Frage: Das greift zurück auf die Frage nach der Kritisierbarkeit. Ich würde die Kritisierbarkeit von Geschichten gerne verteidigen. Ich glaube Geschichten sind nicht ethisch und politisch unschuldig, wir sehen das zum Beispiel in Erzählungen über den Naturzustand. Wir können sie zum Beispiel kritisieren indem wir Bezug nehmen auf die impliziten ethischen und politischen Ideen, die durch sie transportiert werden. Selbst wenn es nur ein Spiel ist und es darum geht bestimmte Imaginationsräume zu öffnen, heißt das auch immer, dass andere nicht geöffnet oder geschlossen werden. Darauf können wir zum Beispiel reflektieren, was bleibt unsichtbar, was wird unsichtbar gemacht, was ist denn das befreiende oder unterdrückende Potential der Erzählung? Ich habe keine Meinung zur Erzählung, die Blumenberg uns anbietet. Aber zumindest generell würde ich gerne den Punkt stark machen: wir müssen auch Geschichten kritisieren!

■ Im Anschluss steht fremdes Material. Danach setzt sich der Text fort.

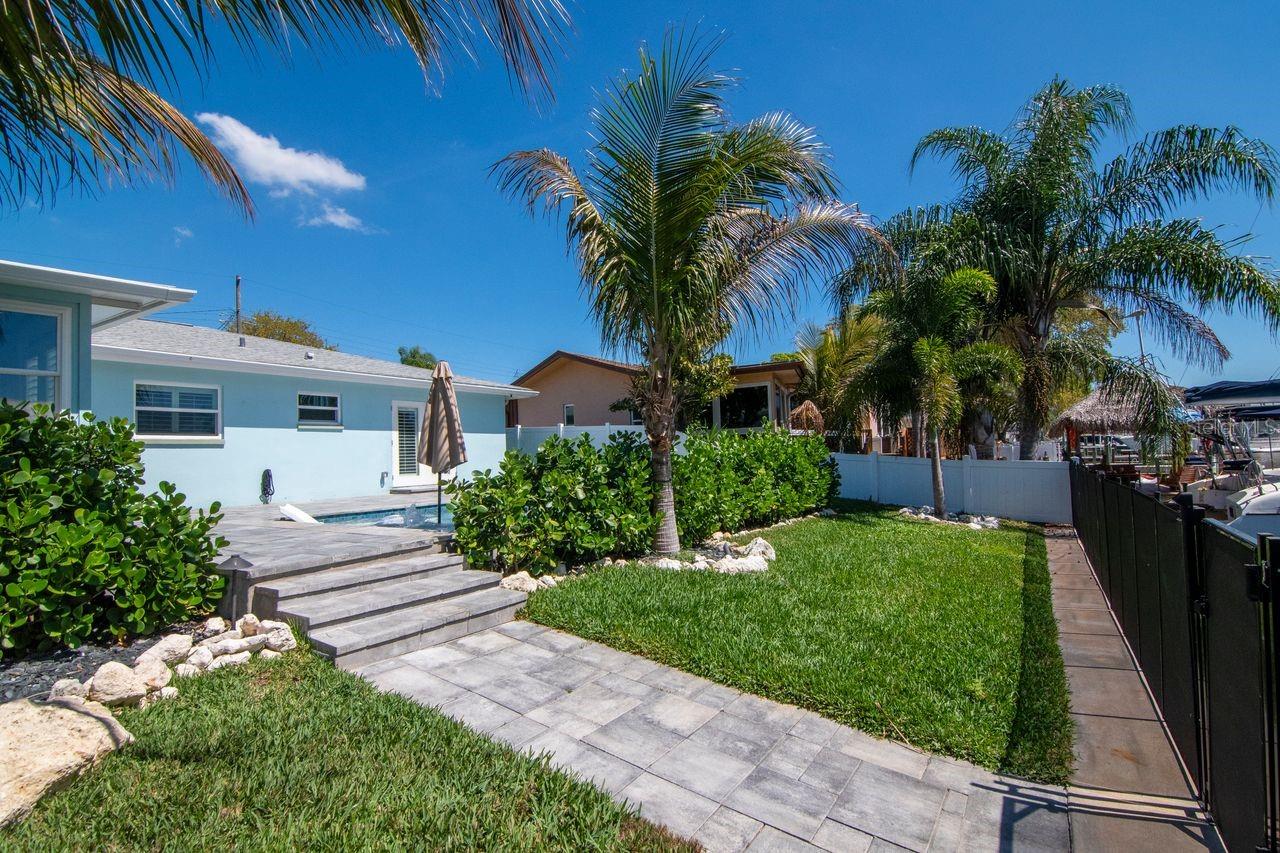 Image 61 of 70 For 372 Westwinds Drive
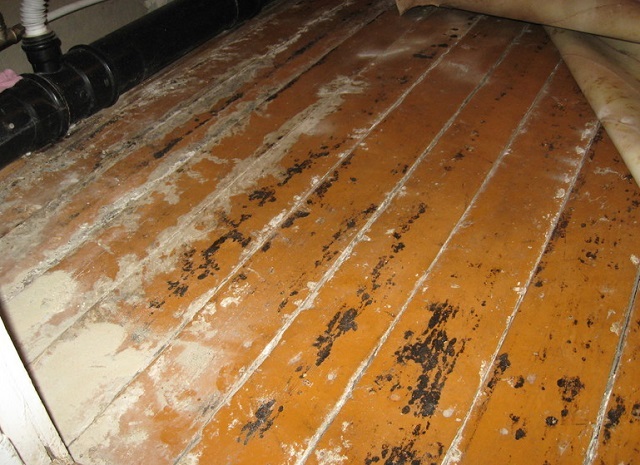 Старый деревянный пол, требующий реставрации.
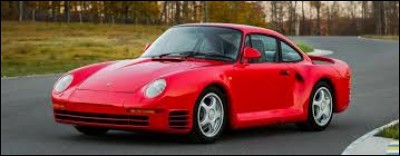 Commençons par l'une des Porsche qui a servi en tant que vitrine technologique. Quelle est cette Porsche ?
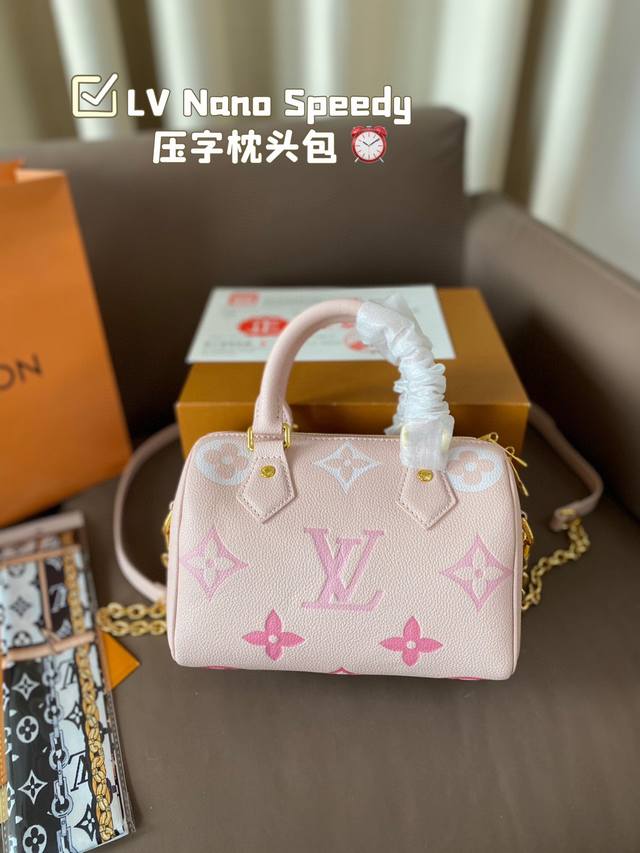 Lv Nano Speedy 压字枕头包 Lv 新款系列 枕头包 手袋,全网首发 Lv Speedy Nano 枕头包这款retiro 手袋以标志性 经典永恒。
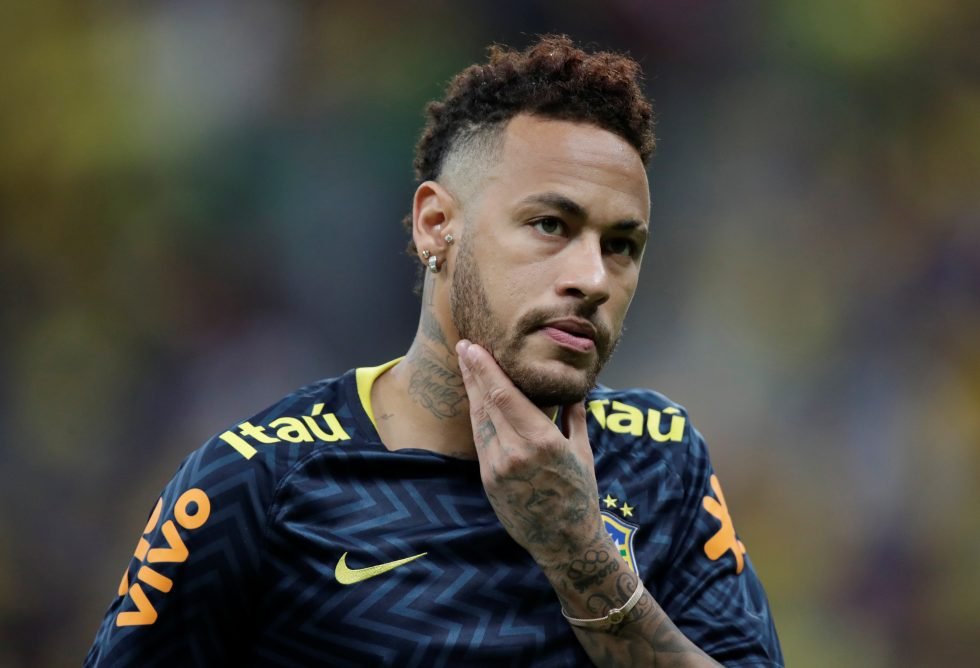 Neymar's Camp To Meet Barcelona Over Potential Move From PSG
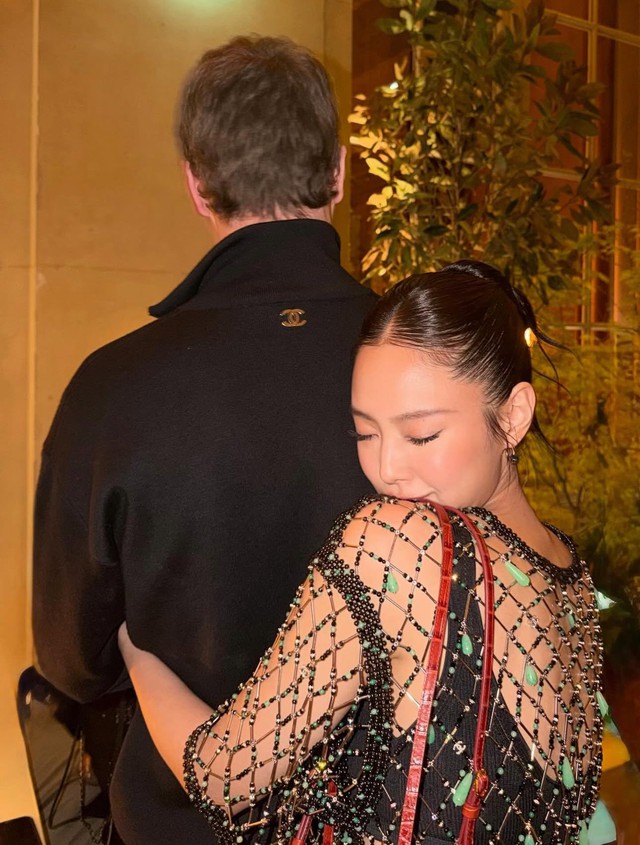 Jennie ở show Chanel: Hở bạo đến từng milimet, tự tung ảnh ôm ấp trai lạ khiến cõi mạng dậy sóng- Ảnh 11.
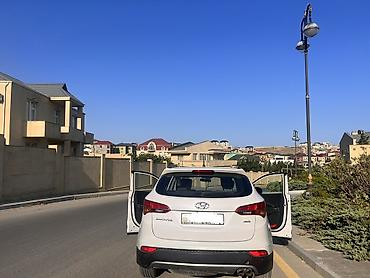 santa fe 2008: Hyundai Santa Fe, ağ rəng, 4WD krossover/SUV. Xüsusiyyətlər: - Tam — 6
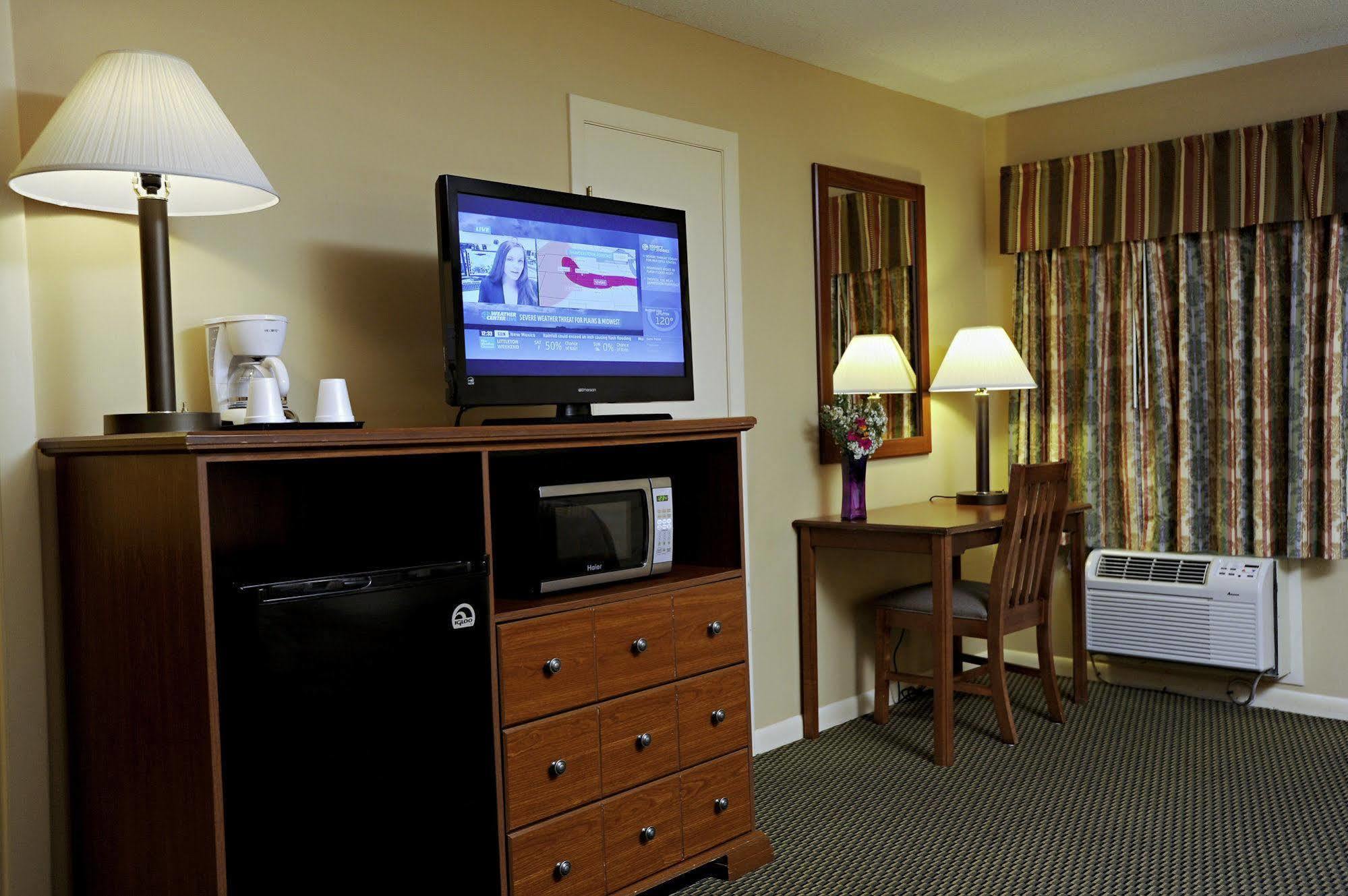 Mt. Madison Inn & Suites Gorham Εξωτερικό φωτογραφία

Das würde ich im Prinzip unterstreichen. Was Blumenberg angeht, können wir z.B. sagen, dass die Rede von den „Schwachen“ eine Wortwahl ist, die man durchaus kritisieren kann, so ironisch diesse auch in Bezug auf das Höhlensetting und die vermeintlich „Starken“ gebraucht wird. Grundsätzlich scheint mir die Frage zu sein, was es bedeuten kann, Geschichten zu kritisieren. Eine Geschichte ist erst einmal eine Geschichte, die ganz unterschiedliche Funktionen haben kann, von denen eine ist, einen Imaginationsraum zu eröffnen. Dass man jeweils nur eine Geschichte erzählen kann und nicht immer alle, die dann auch wirklich alle möglichen Perspektiven zu ihrer Geltung kommen lassen könnten, lässt sich wohl nicht ändern. Zunächst sind Geschichten aber erst einmal bloß gut oder schlecht erzählt, interessant oder langweilig, Augen öffnend oder konventionell und anderes. Problematisch wird es, wenn Geschichten eine bestimmte politische oder ideologische Funktion bekommen, die dann tatsächlich andere Geschichten nicht mehr erzählt haben wollen, oder sonstwie eine exklusive Dominanz bekommen. Das muss man natürlich kritisieren. Dies könnte man auch auf den ‚Kanon‘ an Geschichten beziehen, die typischerweise erzählt werden (in der Philosophie oder überhaupt). Ich finde es wichtig, sich darüber zu verständigen, welche Geschichten wir noch nicht kennen, wessen Geschichten wir bislang nicht gehört haben, wie noch nicht erzählte Geschichten Gehör finden können. – Um auf Blumenberg zurückzukommen: wir können seine Geschichten kritisieren – was die Wortwahl angeht, was er alles ignoriert –, doch stellt sich damit immer noch die Frage: welchen epistemischen Status haben sie im Rahmen seiner Anthropologie?